- [Task directions]
Print nothing except the lines of the listing below from the line with "ФОРМИРОВАТЬ НРАВСТВЕННОСТЬ РЕБЁНКА" to the line with "Firefighter USA 250th", each exactly as written, both ends included.

- [Recorded data]
Content starts

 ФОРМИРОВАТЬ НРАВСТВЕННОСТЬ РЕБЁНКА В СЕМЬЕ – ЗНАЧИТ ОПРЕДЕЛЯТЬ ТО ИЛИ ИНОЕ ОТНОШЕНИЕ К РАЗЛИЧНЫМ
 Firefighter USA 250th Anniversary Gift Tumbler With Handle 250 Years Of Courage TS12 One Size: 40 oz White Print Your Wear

Content ends
Content starts

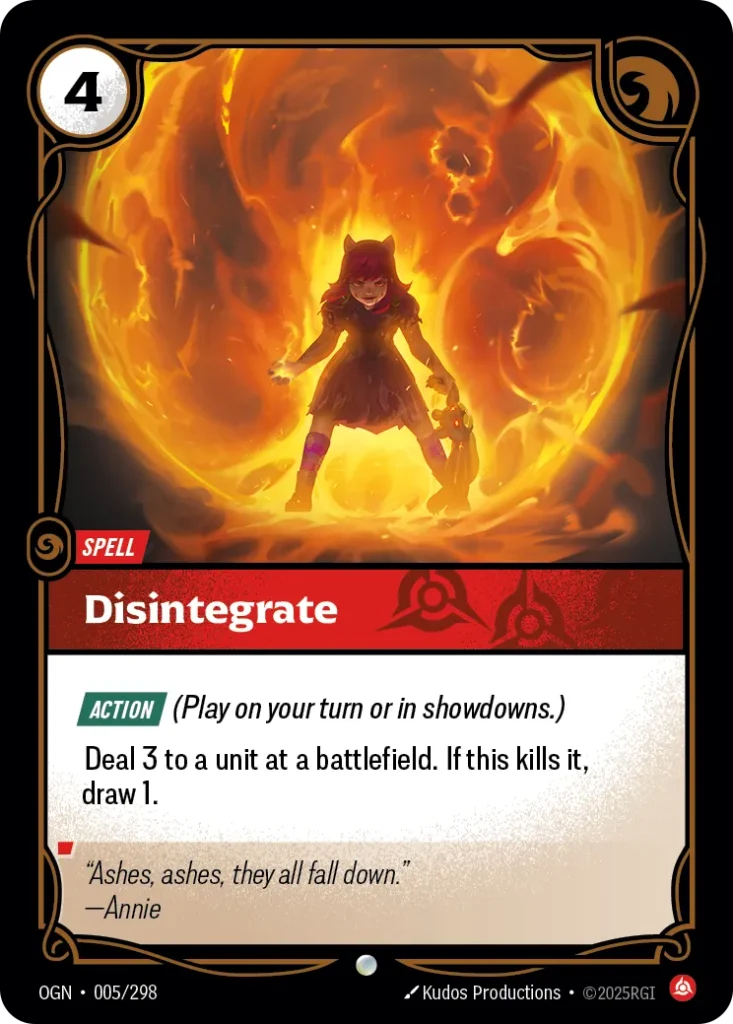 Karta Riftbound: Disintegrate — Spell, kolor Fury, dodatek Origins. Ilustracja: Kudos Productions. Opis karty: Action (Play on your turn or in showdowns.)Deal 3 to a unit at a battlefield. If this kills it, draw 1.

Content ends

- [Response to this exercise]
 ФОРМИРОВАТЬ НРАВСТВЕННОСТЬ РЕБЁНКА В СЕМЬЕ – ЗНАЧИТ ОПРЕДЕЛЯТЬ ТО ИЛИ ИНОЕ ОТНОШЕНИЕ К РАЗЛИЧНЫМ
 Firefighter USA 250th Anniversary Gift Tumbler With Handle 250 Years Of Courage TS12 One Size: 40 oz White Print Your Wear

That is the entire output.